Social Sciences, asked by pabitraroy587, 7 months ago

who wrote social theory

Answers

Answered by sahinparveen10
0

Answer:

Robert K. Merton

Social Theory and Social Structure (STSS) was a landmark publication in sociology by Robert K. Merton. It has been translated into close to 20 languages and is one of the most frequently cited texts in social sciences.

Answered by ItzAwesomeGirl
5

Answer:

Social theory refers to ideas, arguments, hypotheses, thought-experiments and explanatory speculations about how and why human societies—or elements or structures of such societies—come to be formed, change, and develop over time or disappear. Usually supported in research institutions as a core component of the discipline of sociology, social theory most commonly encompasses the range of explanatory concepts, analytical tools, and heuristic devices on which sociologists and social scientists draw in their efforts to interpret statistical or qualitative data about particular empirical social phenomena. Social theory in this relatively narrowly delimited sense is usually thought of as more or less synonymous with the term “sociological theory.” But many common understandings of the scope of the field also imply a wider range of reference than this.
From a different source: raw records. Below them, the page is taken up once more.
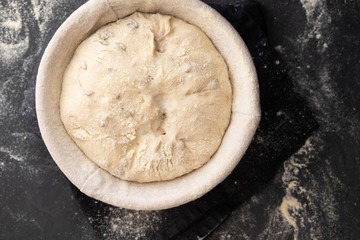 Baking bread. Dough in proofing basket on table with flour, sunflower seeds. Top view.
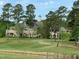 Beautiful clubhouse on a lush green golf course with mature trees and landscaping at 95113 Vance Knls, Chapel Hill, NC 27517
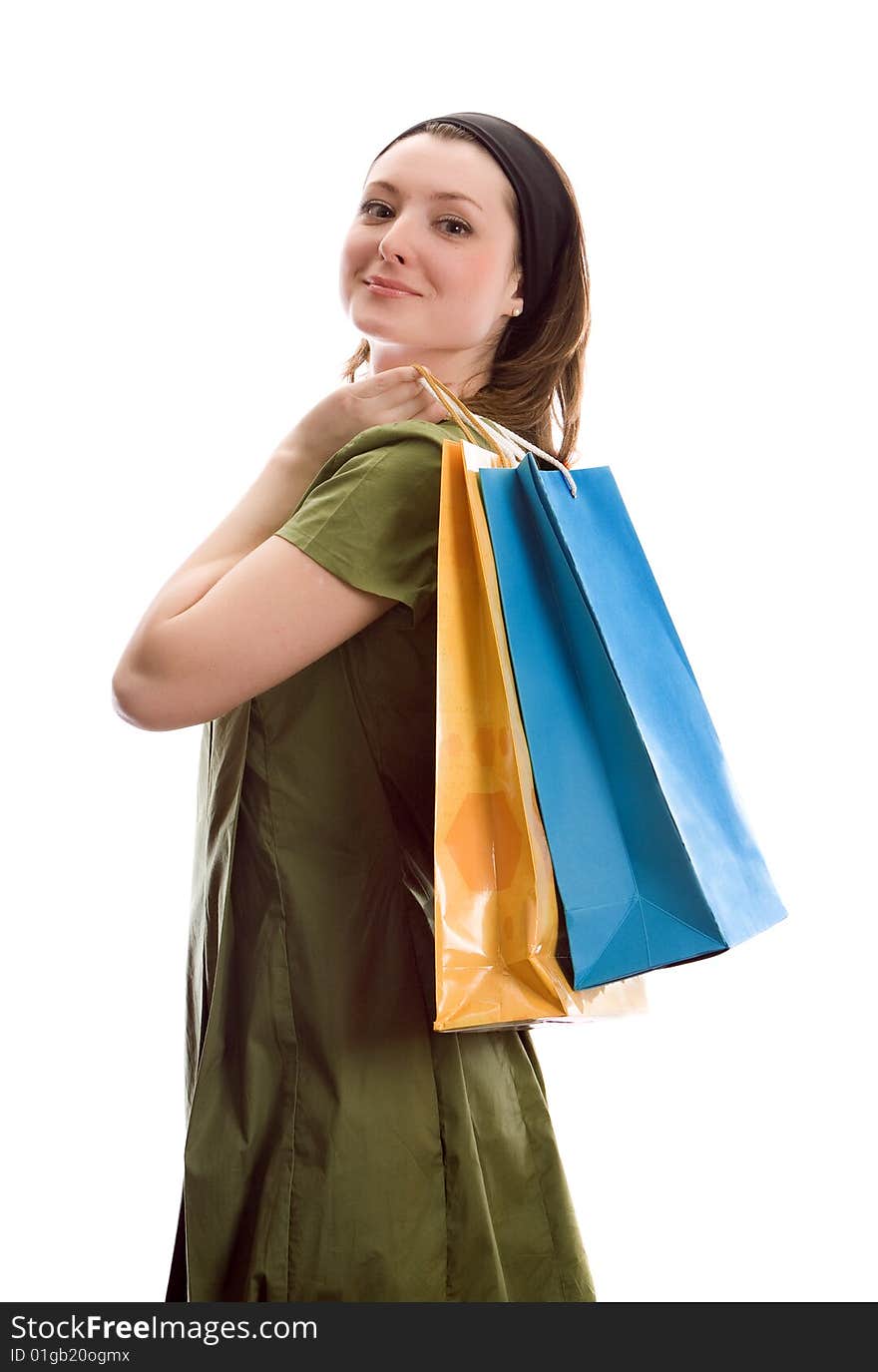 Girl with shopping bags. Isolated on white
Social theory can name general sources of ideas about social phenomena relevant to other disciplines of the social sciences and humanities, such as anthropology, political science, economics, history, cultural and media studies, and gender studies. And social theory can also be thought of as incorporating normative concerns bearing on debates about desirable ends or values of social life—about how social life ideally “ought to be”—in ways that overlap closely with concerns in the fields of moral, political, and legal philosophy.